I am trying to run a job using the For Each command with many concurrent processes using serverless compute.

To add dependencies to serverless jobs, it seems you have to add them to the notebook, rather than configure them on the tasks screen like you do when using a job cluster. However, when doing this, it significantly increases the processing time, and it feels like for every concurrent process, the package installation process is duplicated. e.g. if I have 30 processes, the packages are installed 30 times, once for each run of the notebook. Contrast that with how you ordinarily work with a normal cluster, they are just installed once on the cluster.

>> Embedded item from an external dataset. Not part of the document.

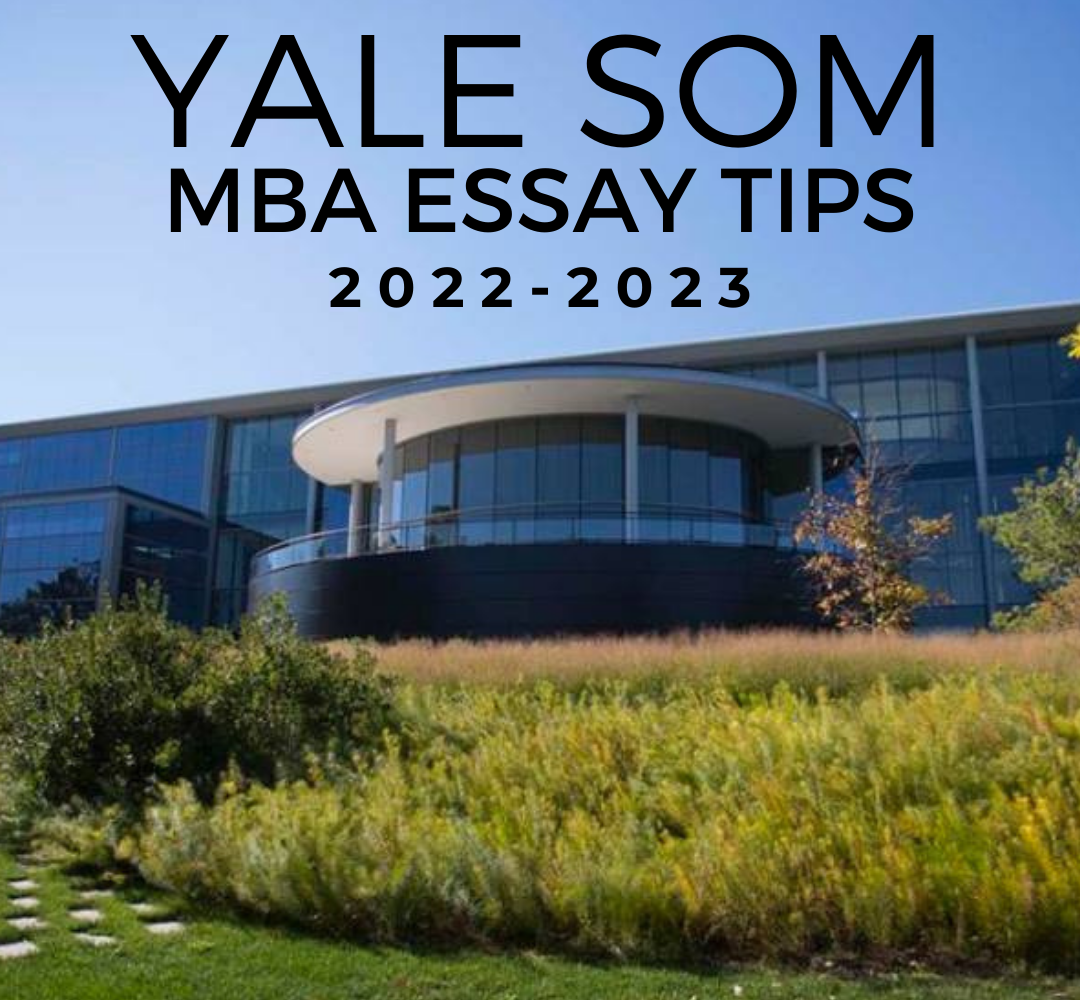Yale MBA essay tips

Is my understanding of this process correct, or am I missing a step that would improve my workflow?

Brahmareddy · ‎03-20-2025

Hi TimB,

How are you doing today?, As per my understanding, yeah, you got it—serverless jobs don’t keep installed packages, so every time a process runs, it installs the dependencies again, which slows things down. A better way is to package your dependencies into a wheel (.whl) file and install it from DBFS or S3, so you’re not downloading them every time. If your libraries are available in Unity Catalog, you can attach them there so jobs can use them without reinstalling. You could also reduce the number of parallel processes to limit repeated installs, or if possible, switch to a shared job cluster, where dependencies only install once instead of every run. This should help things run much faster—let me know if you need help setting it up!

Regards,

Brahma

TimB · ‎03-21-2025

Hi Brahma,

Thanks for the feedback and confirming what I thought was true. I already use the job cluster for the concurrent workload and I was testing out the serverless as a replacement, but it would seem I'm best to stick with the job cluster if I have additional dependencies to install.